━━━ Excerpted records

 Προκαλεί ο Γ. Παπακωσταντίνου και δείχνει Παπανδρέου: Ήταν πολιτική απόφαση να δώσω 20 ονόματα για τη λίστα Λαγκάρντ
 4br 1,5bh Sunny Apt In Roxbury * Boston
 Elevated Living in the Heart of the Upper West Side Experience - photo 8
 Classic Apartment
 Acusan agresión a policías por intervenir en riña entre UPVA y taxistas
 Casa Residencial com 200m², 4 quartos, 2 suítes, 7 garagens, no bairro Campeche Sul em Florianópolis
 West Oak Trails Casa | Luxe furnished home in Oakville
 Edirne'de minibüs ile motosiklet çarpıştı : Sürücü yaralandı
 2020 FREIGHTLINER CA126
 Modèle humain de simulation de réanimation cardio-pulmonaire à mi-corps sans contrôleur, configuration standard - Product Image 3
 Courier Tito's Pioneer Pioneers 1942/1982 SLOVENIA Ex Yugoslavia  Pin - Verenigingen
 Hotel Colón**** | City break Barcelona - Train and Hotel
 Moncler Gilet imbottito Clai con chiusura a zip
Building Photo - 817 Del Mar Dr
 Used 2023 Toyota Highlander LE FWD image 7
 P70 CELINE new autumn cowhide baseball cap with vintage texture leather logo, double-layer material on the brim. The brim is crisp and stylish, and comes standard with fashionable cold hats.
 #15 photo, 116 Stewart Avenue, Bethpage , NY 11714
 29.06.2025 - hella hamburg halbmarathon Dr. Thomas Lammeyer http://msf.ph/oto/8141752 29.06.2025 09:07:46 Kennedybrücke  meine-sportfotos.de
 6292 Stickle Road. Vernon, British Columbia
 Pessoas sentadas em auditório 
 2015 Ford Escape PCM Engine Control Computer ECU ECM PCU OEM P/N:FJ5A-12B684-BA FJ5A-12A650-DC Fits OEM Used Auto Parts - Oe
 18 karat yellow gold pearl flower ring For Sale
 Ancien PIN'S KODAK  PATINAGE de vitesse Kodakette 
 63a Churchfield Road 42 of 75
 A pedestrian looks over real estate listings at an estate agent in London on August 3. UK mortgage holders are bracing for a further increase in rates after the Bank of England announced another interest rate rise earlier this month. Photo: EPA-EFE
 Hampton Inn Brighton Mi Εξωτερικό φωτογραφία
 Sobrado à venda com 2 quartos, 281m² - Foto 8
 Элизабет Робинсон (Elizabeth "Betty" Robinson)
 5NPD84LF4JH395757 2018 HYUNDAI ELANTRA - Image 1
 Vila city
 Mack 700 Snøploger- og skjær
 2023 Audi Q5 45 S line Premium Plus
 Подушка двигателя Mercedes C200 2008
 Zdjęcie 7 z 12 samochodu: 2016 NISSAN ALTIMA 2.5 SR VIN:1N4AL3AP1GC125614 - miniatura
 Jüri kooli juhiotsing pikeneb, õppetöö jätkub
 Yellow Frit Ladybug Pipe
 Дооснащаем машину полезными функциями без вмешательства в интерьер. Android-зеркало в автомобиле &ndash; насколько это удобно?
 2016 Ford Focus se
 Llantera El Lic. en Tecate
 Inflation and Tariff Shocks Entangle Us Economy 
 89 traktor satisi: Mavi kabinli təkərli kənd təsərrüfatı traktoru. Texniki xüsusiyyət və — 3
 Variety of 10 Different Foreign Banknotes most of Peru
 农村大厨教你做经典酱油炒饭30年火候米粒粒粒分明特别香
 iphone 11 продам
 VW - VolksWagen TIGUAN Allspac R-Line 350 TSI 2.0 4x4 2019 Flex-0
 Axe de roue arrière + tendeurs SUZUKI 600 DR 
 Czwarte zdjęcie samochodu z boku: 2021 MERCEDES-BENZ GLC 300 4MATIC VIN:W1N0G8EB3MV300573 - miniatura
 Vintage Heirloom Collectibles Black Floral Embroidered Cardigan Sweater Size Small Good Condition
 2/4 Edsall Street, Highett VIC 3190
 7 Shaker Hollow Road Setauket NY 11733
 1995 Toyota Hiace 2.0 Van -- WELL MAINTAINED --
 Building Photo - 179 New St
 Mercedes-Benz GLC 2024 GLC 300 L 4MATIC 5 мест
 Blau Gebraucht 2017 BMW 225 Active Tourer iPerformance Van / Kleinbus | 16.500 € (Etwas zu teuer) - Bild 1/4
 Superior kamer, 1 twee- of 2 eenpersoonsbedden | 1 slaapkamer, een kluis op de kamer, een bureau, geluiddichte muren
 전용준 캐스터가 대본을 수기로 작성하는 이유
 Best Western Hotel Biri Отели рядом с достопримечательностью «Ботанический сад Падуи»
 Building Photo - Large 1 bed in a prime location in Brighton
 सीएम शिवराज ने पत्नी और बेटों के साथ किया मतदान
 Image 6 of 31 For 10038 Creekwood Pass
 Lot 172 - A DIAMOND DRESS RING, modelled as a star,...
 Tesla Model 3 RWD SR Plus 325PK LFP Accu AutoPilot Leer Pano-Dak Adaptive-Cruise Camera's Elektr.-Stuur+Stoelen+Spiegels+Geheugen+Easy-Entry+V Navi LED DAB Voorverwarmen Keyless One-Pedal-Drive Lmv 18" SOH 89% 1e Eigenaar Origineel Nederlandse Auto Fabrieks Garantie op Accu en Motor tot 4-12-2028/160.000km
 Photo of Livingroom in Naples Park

━━━━━━

Please reproduce the listing word for word, but only from the line that contains "Mack 700 Snøploger- og skjær" to its last line, inclusive.

 Mack 700 Snøploger- og skjær
 2023 Audi Q5 45 S line Premium Plus
 Подушка двигателя Mercedes C200 2008
 Zdjęcie 7 z 12 samochodu: 2016 NISSAN ALTIMA 2.5 SR VIN:1N4AL3AP1GC125614 - miniatura
 Jüri kooli juhiotsing pikeneb, õppetöö jätkub
 Yellow Frit Ladybug Pipe
 Дооснащаем машину полезными функциями без вмешательства в интерьер. Android-зеркало в автомобиле &ndash; насколько это удобно?
 2016 Ford Focus se
 Llantera El Lic. en Tecate
 Inflation and Tariff Shocks Entangle Us Economy 
 89 traktor satisi: Mavi kabinli təkərli kənd təsərrüfatı traktoru. Texniki xüsusiyyət və — 3
 Variety of 10 Different Foreign Banknotes most of Peru
 农村大厨教你做经典酱油炒饭30年火候米粒粒粒分明特别香
 iphone 11 продам
 VW - VolksWagen TIGUAN Allspac R-Line 350 TSI 2.0 4x4 2019 Flex-0
 Axe de roue arrière + tendeurs SUZUKI 600 DR 
 Czwarte zdjęcie samochodu z boku: 2021 MERCEDES-BENZ GLC 300 4MATIC VIN:W1N0G8EB3MV300573 - miniatura
 Vintage Heirloom Collectibles Black Floral Embroidered Cardigan Sweater Size Small Good Condition
 2/4 Edsall Street, Highett VIC 3190
 7 Shaker Hollow Road Setauket NY 11733
 1995 Toyota Hiace 2.0 Van -- WELL MAINTAINED --
 Building Photo - 179 New St
 Mercedes-Benz GLC 2024 GLC 300 L 4MATIC 5 мест
 Blau Gebraucht 2017 BMW 225 Active Tourer iPerformance Van / Kleinbus | 16.500 € (Etwas zu teuer) - Bild 1/4
 Superior kamer, 1 twee- of 2 eenpersoonsbedden | 1 slaapkamer, een kluis op de kamer, een bureau, geluiddichte muren
 전용준 캐스터가 대본을 수기로 작성하는 이유
 Best Western Hotel Biri Отели рядом с достопримечательностью «Ботанический сад Падуи»
 Building Photo - Large 1 bed in a prime location in Brighton
 सीएम शिवराज ने पत्नी और बेटों के साथ किया मतदान
 Image 6 of 31 For 10038 Creekwood Pass
 Lot 172 - A DIAMOND DRESS RING, modelled as a star,...
 Tesla Model 3 RWD SR Plus 325PK LFP Accu AutoPilot Leer Pano-Dak Adaptive-Cruise Camera's Elektr.-Stuur+Stoelen+Spiegels+Geheugen+Easy-Entry+V Navi LED DAB Voorverwarmen Keyless One-Pedal-Drive Lmv 18" SOH 89% 1e Eigenaar Origineel Nederlandse Auto Fabrieks Garantie op Accu en Motor tot 4-12-2028/160.000km
 Photo of Livingroom in Naples Park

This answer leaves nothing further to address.